The calculation is fairly simple since no external factors are involved here. All you have to do is 

  1. Estimate your earnings for the year from non-salary sources, as mentioned above. 
  2. Then the combined income needs to be added to your gross salary for the year. 
  3. Now, use the income tax slabs for the old or new regime (as opted for) and calculate the tax applicable. 
  4. From this amount, you should subtract the already deducted TDS and the other income tax deductions for salaried employees (in the old regime). 

If the extra amount exceeds ₹10K, then you are required to pay advance tax.

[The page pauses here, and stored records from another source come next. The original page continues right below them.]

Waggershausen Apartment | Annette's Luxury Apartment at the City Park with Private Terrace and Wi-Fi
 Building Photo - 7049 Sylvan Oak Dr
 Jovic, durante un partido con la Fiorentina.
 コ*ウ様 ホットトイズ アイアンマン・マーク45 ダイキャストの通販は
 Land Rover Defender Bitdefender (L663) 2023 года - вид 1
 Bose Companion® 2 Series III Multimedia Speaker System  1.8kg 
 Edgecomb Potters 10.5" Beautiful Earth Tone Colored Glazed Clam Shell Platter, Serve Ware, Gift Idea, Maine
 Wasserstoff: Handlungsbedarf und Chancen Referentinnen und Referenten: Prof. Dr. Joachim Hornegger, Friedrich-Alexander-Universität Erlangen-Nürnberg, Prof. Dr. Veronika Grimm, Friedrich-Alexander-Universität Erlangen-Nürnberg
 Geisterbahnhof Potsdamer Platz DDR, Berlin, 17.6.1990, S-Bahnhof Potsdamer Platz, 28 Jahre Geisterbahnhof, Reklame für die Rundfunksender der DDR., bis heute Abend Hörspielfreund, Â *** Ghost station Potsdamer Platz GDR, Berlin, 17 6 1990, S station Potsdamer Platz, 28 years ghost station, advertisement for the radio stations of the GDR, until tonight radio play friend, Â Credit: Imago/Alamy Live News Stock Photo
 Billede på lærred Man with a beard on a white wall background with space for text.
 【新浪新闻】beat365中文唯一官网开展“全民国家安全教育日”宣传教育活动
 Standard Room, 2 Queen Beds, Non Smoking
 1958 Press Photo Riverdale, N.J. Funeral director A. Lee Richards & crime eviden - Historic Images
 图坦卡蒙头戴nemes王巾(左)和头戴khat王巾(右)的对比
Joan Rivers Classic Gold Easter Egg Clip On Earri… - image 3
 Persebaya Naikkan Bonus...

Typically, the 15th of March of each year is the deadline for 100% payment of the advance tax. If not done, there is a penalty of 1% per month till the due amount is paid.

Fortunately, the process for payment of advance is rather simple. It can be done conveniently online on the Income Tax website and help you save on avoidable late fees and penalties.

Tips on tax planning and tax-saving

The new tax regime doesn’t offer many deductions, and if I save on tax, then deductions are something I’ll need to maximise. So, in all fairness, it makes more sense for me to stick to the old regime. Under this, I can maximise the following deductions:

  • HRA - for the rent that I pay for the house
  • Section 80C deductions - up to a limit of ₹1.5L including life insurance premium, ULIP, ELSS, PF, ELSS et al.
  • Section 80CCD deductions - up to a limit of ₹50K under voluntary NPS contribution
  • Section 80D deductions - up to a limit of ₹25K for medical insurance for self and dependents. Another ₹50K in the case of senior citizens.


So, you see, tax planning is no rocket science. All it takes is careful consideration of your annual earnings and proper research into the various tax-saving tools available for you to invest. Pay special attention to your preferred investment horizon, and risk appetite. Don’t let tax-saving concerns carry you away and drive you into locking a chunk of your money for long periods, rendering you unable to fulfil your short or mid-term goals. 

FAQs

What is the basic concept of income tax?

Simply put, tax is what you pay the government as costs for running the country. It takes money to build infrastructure like roads, or pay the salaries of civil servants like the Police, the army, and so on. Income tax is a way of collecting money from citizens based on how much each person earns. The more you earn, the more you pay. There are of course ways that the government lets you avoid paying taxes if you’re putting the money into something the government can use - like investing in infrastructure bonds, or taking a loan (the interest from which will go towards maintaining financial institutions). 

What are the 4 types of income taxes?

Income tax, by definition, is something the government takes from your income. If you’re a salaried professional, you might notice the term TDS in your salary slip. This stands for Tax Deducted at Source, it means the government has already taken the tax from your salary before giving it to you.

Even if you’re not a salaried employee, you still pay income tax because you surely have some means of earning money. Here are some other types of income tax:

  1. Income tax on Salary
  2. Tax on owned property (like a house)
  3. Tax on profits earned from a business
  4. Capital gains tax - this is the tax you pay on money you may through stock trading or mutual fund gains

Which is the best option to save tax?

Depending on how much you earn and what stage of life you are in, there are different ways to save tax that could work for you. Here are some:

  • ELSS Mutual Funds - This is a class or type of mutual fund that require you lock in an amount for 3 years at a stretch. Also known as tax-saver funds, these funds give you returns of up to 20% per year. ₹1,50,000 of your income is exempt from tax every year.
  • NPS or National Pension Scheme - this is a government initiative that lets citizens invest in it at regular intervals. A maximum of ₹50,000 per year is exempt from income tax.
  • PPF or Public Provident Fund - Another government scheme that lets you save money into this fund regularly, and at the same time, be exempt from tax for up to ₹1,50,000 per year.

There are many more ways to save on tax, but here are some easy to set up and effective ways to save on tax.